Ryanair revealed a 12 per cent hike in average fares and soaring ancillary revenues as it posted a double-digit rise in half-year profits yesterday.

The low-cost carrier reported a 17 per cent increase in underlying net profits to €451.9 million for the six months to September 30 and upped its guidance for its full-year performance.

Ryanair’s half-year figures were boosted by a 10 per cent lift in passenger numbers and higher fares, but it said it also saw a 22 per cent leap in ancillary revenues, such as baggage fees, priority boarding and onboard drinks.

Ryanair said forward booking revenues for the winter were better than expected, which it forecast would see net profits for the full year of between €380 million and €400 million.

It had originally indicated a figure of between €350 million and €375 million.

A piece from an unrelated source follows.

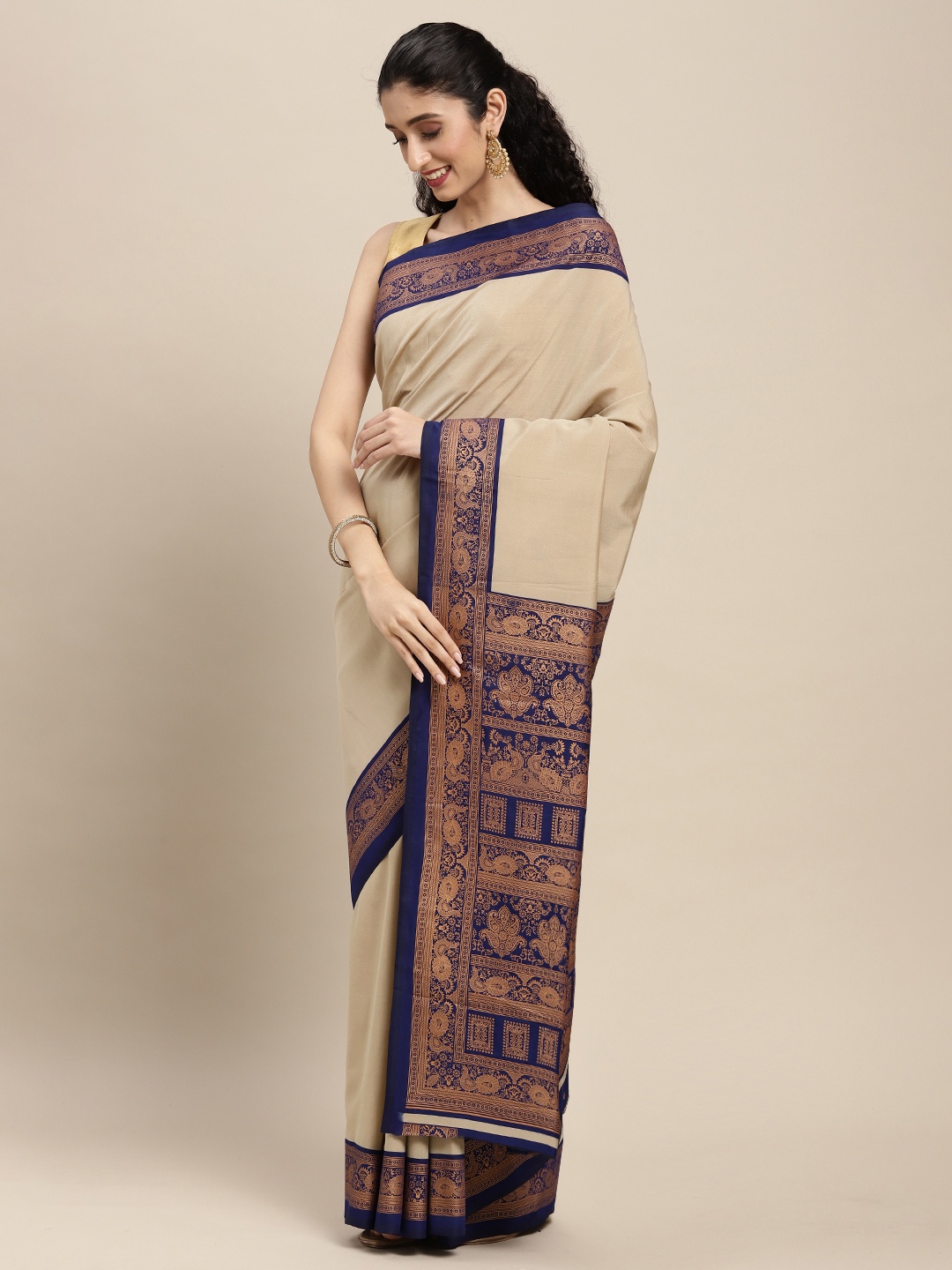 

SANGAM PRINTS Beige Silk Blend Saree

The half-year surge in fares and passenger numbers helped Ryanair offset a 44 per cent increase in its fuel bill – although this was also partly due to Ryanair operating more and longer flights.

Average fares rose to €44, according to Ryanair, although chief executive officer Michael O’Leary added a note of caution.

He said: “Our outlook for the fiscal year remains cautious as we have little visibility on fourth-quarter yields.”

The carrier said its bill to cover the cost of the volcanic ash cloud disruption earlier this year was now likely to be less than first feared, at €32 million against €50 million.

Half-year adjusted profits exclude the hit for the ash crisis, which when taken into account leave net profits at €424 million.

Mr O’Leary said the group’s half-year figures were “testimony to the robustness” of its low-cost model.

However, airlines across the board are seeing a marked recovery in air travel as the recovery takes hold.